• WORK REQUEST: Skip any image you find and restate the rest of the data word for word.

Top of DATASET RECORDS

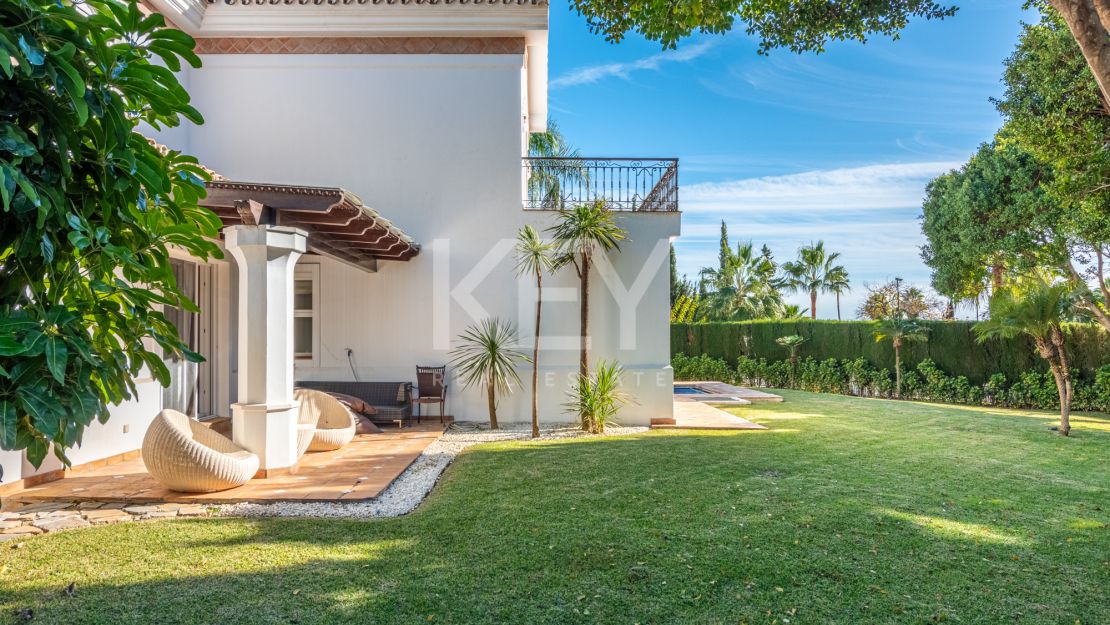 Luxurious villa for sale on the Golden Mile, Marbella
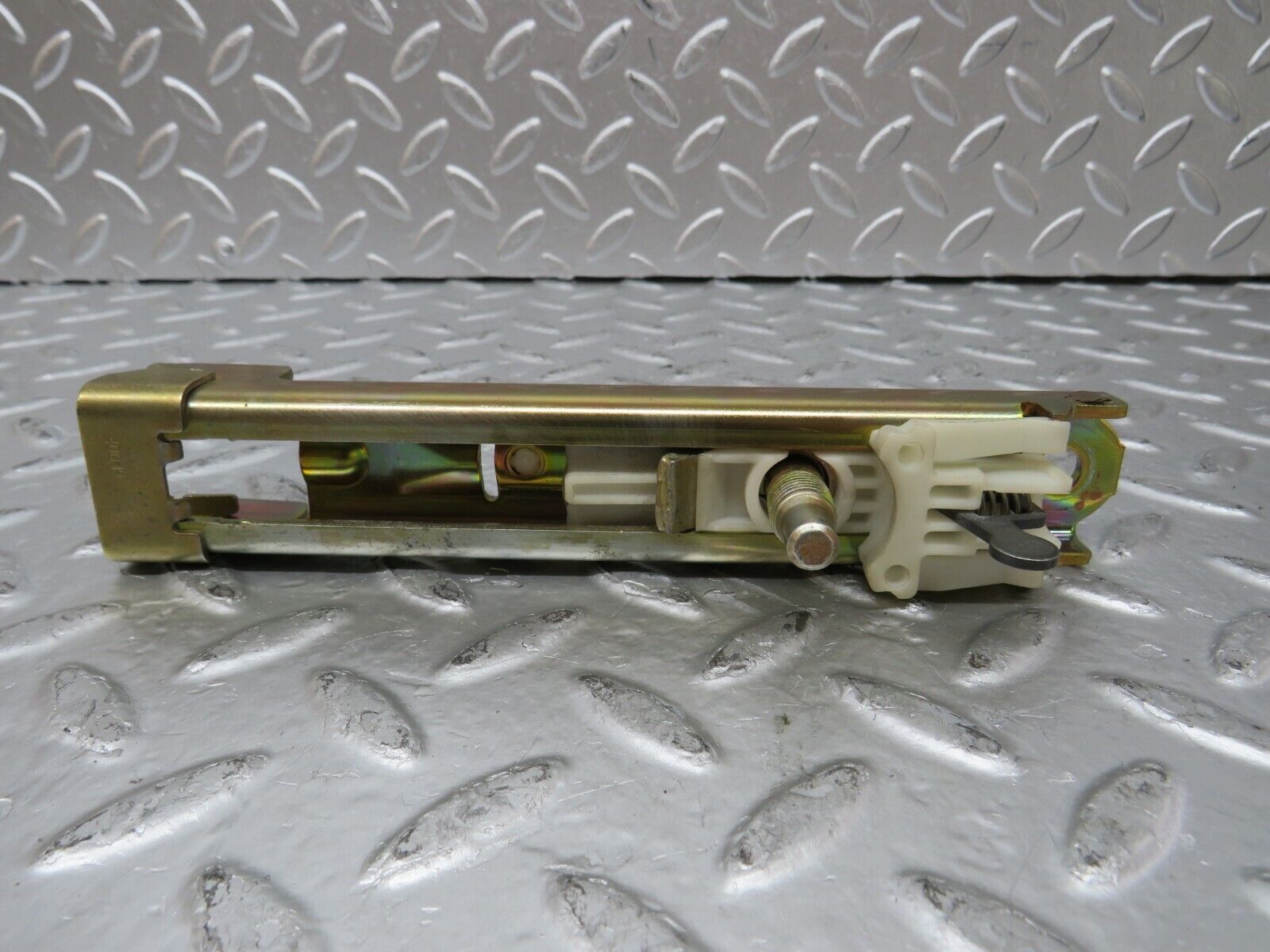 25977 Mercedes-Benz W124 280E Seat Belt Height Adjuster 1248600088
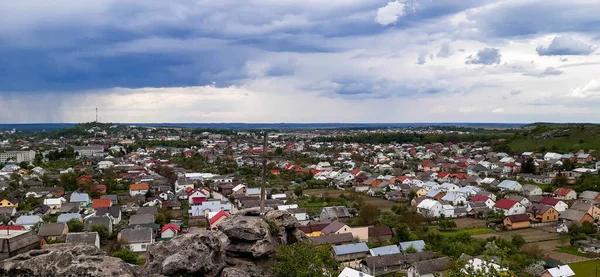 Kasaba üzerinde Koyu Mavi Bulutlu Fırtınalı Gökyüzü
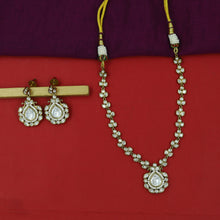 Round Neck Kundan Necklace Set 16723-28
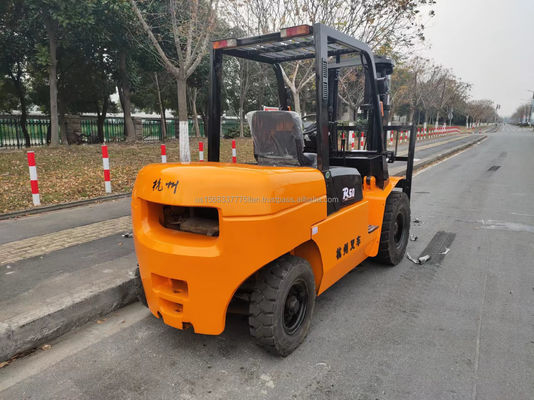 Использованный вилочный погрузчик TCM Hangzhou R50 с высокой производительностью для обработки материалов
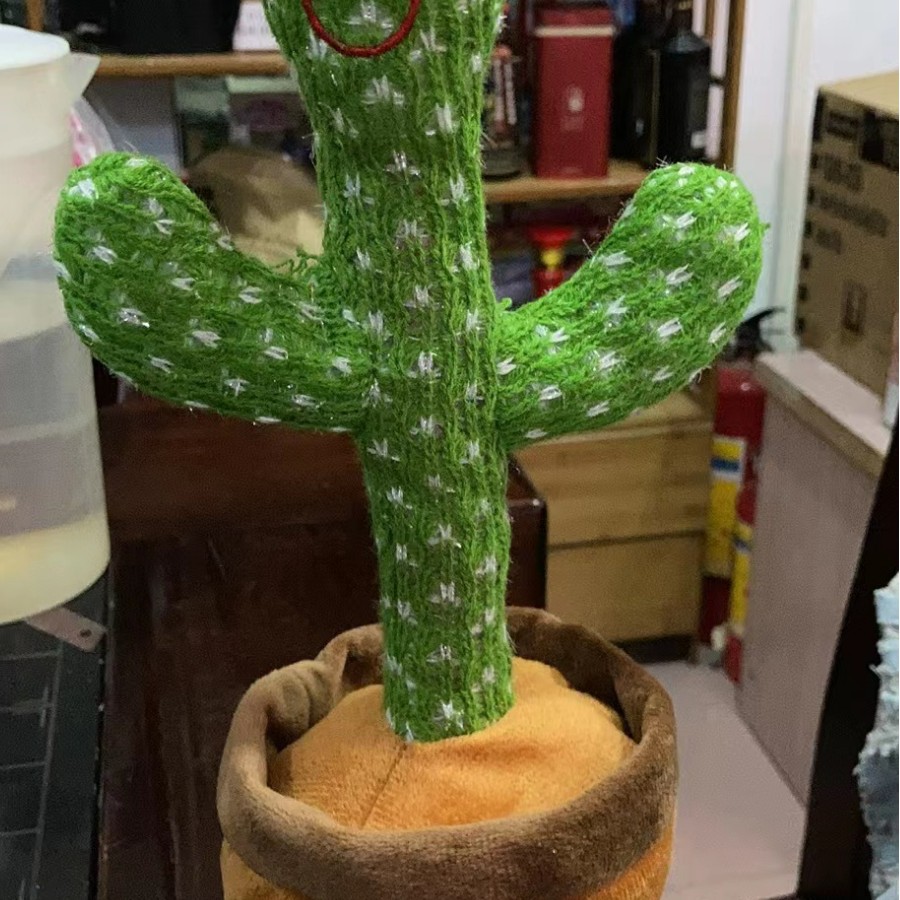 El Día de San Valentín hablando de cactus Bailando torcido cactus arena torcida muñeca de juguete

Bottom of DATASET RECORDS

• SOLUTION:
 Luxurious villa for sale on the Golden Mile, Marbella
 25977 Mercedes-Benz W124 280E Seat Belt Height Adjuster 1248600088
 Kasaba üzerinde Koyu Mavi Bulutlu Fırtınalı Gökyüzü
 Round Neck Kundan Necklace Set 16723-28
 Использованный вилочный погрузчик TCM Hangzhou R50 с высокой производительностью для обработки материалов
 El Día de San Valentín hablando de cactus Bailando torcido cactus arena torcida muñeca de juguete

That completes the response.